Task objective
Look through the data below for the line with "Caledonian Inn Роуб Екстериор снимка" and the line with "Toyota RAV4 XLE AWD (Natl) 2023", then transcribe exactly from the first through the second, leaving out all pictures.

Data provided

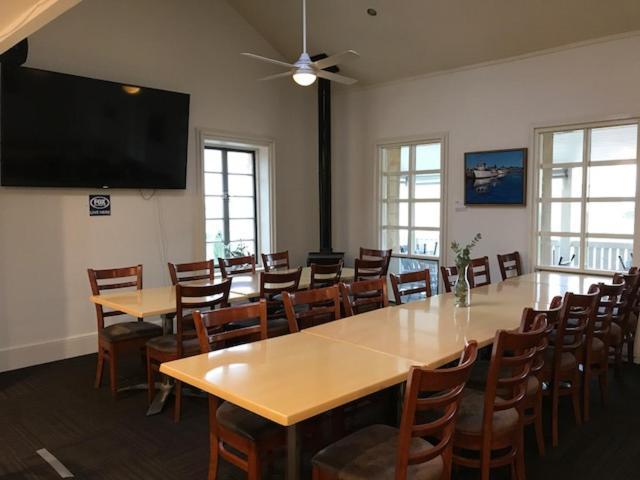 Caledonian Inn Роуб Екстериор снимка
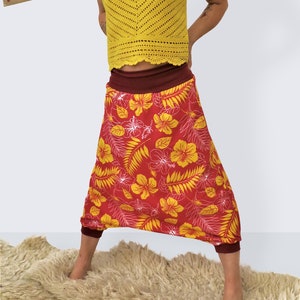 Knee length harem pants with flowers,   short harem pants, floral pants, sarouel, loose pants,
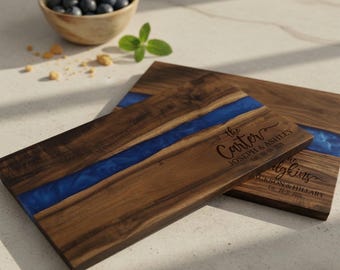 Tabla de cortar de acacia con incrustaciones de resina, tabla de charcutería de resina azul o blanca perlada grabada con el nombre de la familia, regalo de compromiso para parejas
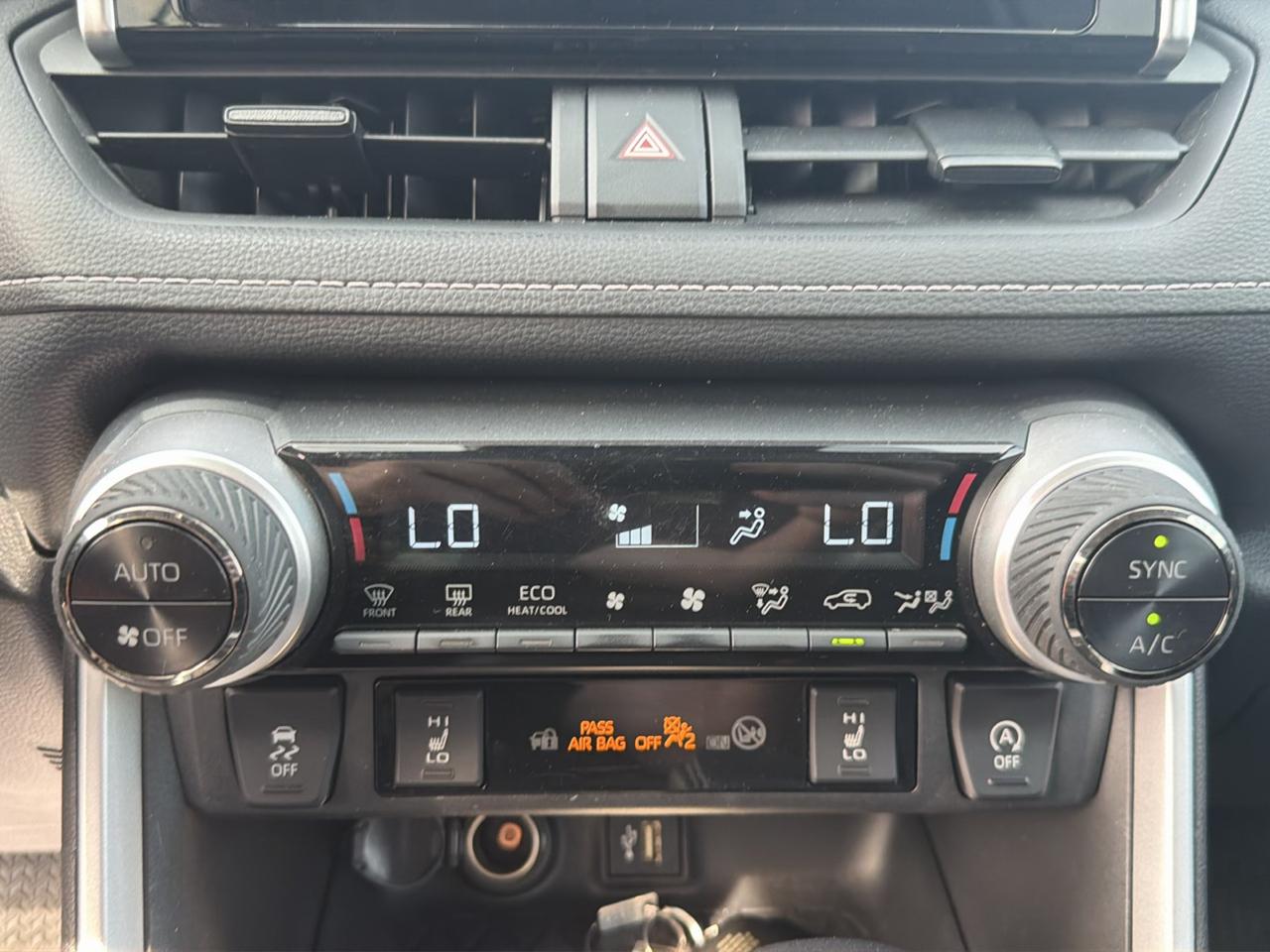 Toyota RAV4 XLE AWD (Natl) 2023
...
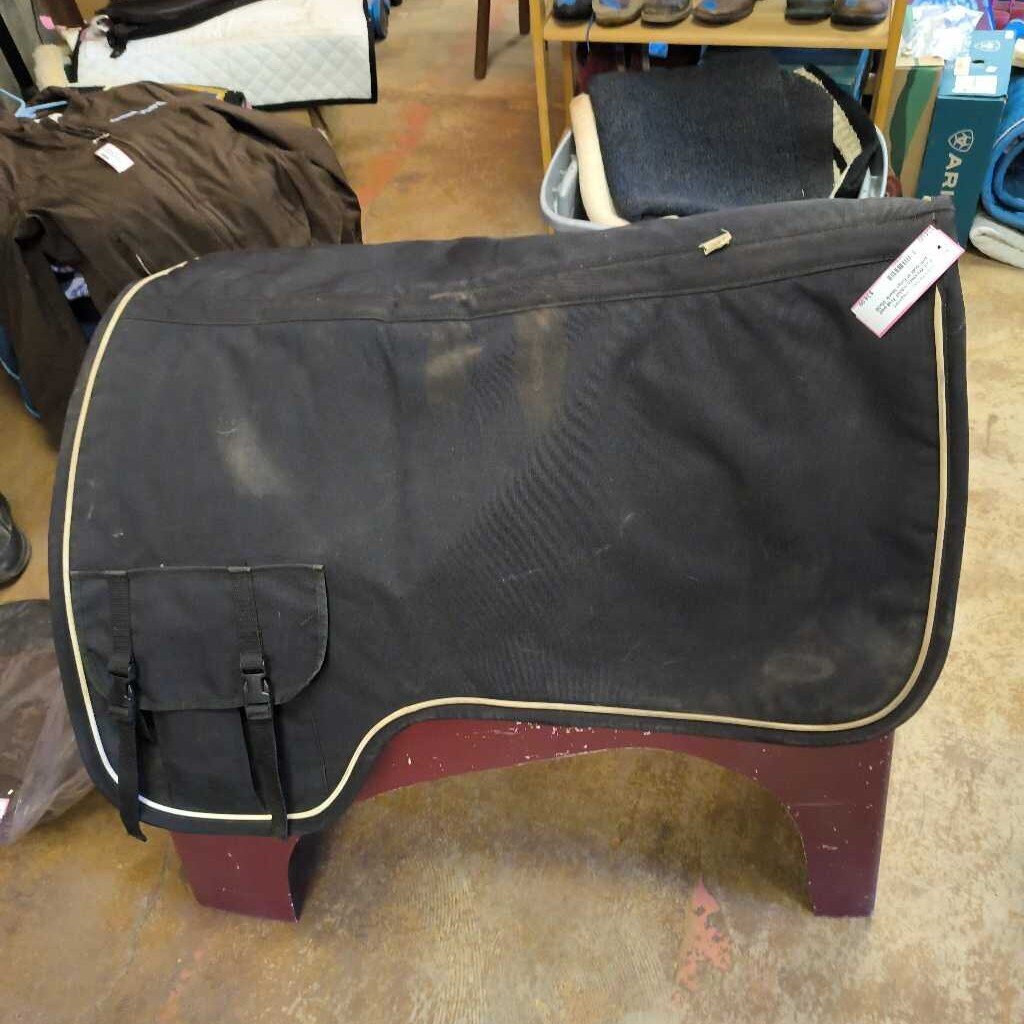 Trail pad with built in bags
---
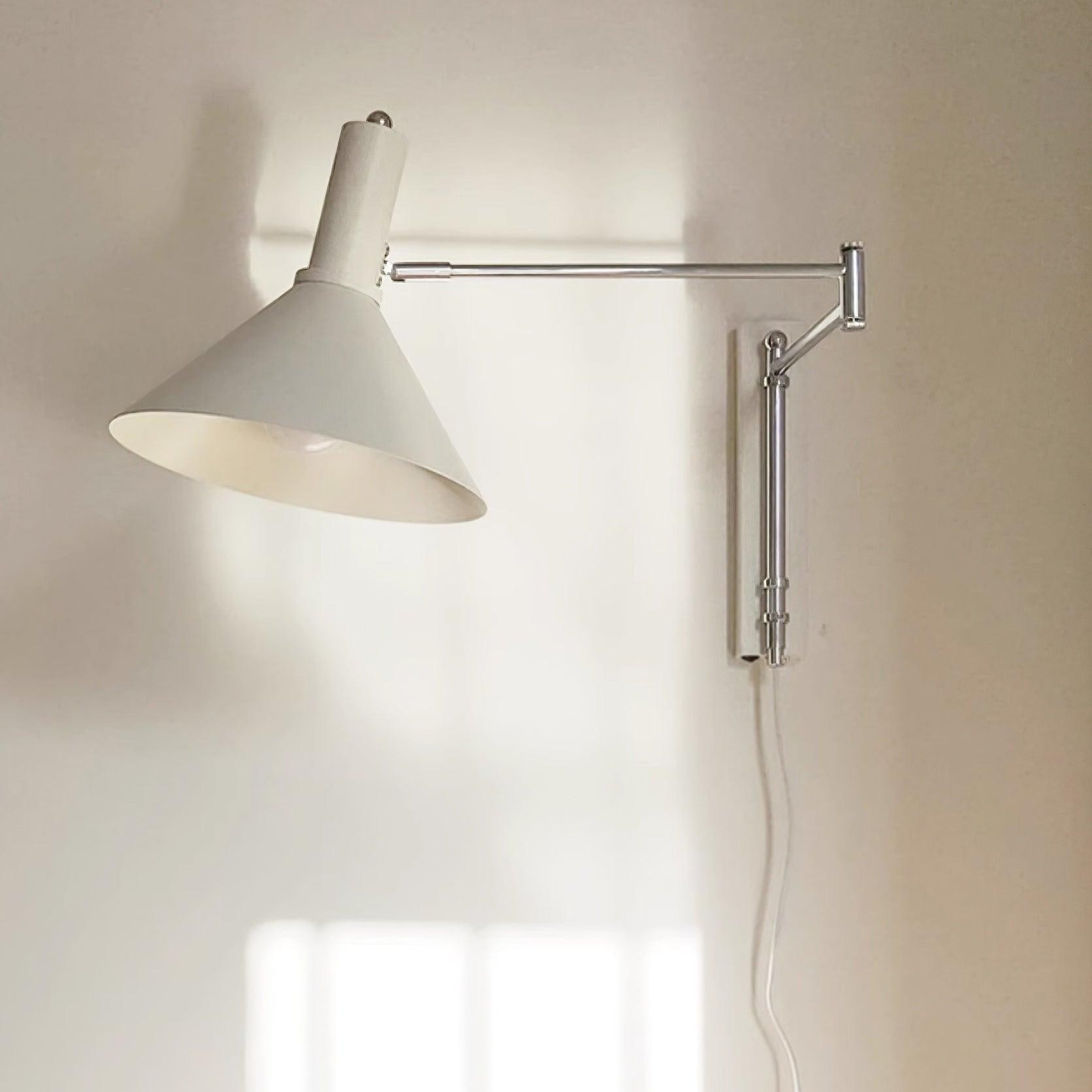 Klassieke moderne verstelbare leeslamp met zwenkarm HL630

Result
 Caledonian Inn Роуб Екстериор снимка
 Knee length harem pants with flowers,   short harem pants, floral pants, sarouel, loose pants,
 Tabla de cortar de acacia con incrustaciones de resina, tabla de charcutería de resina azul o blanca perlada grabada con el nombre de la familia, regalo de compromiso para parejas
 Toyota RAV4 XLE AWD (Natl) 2023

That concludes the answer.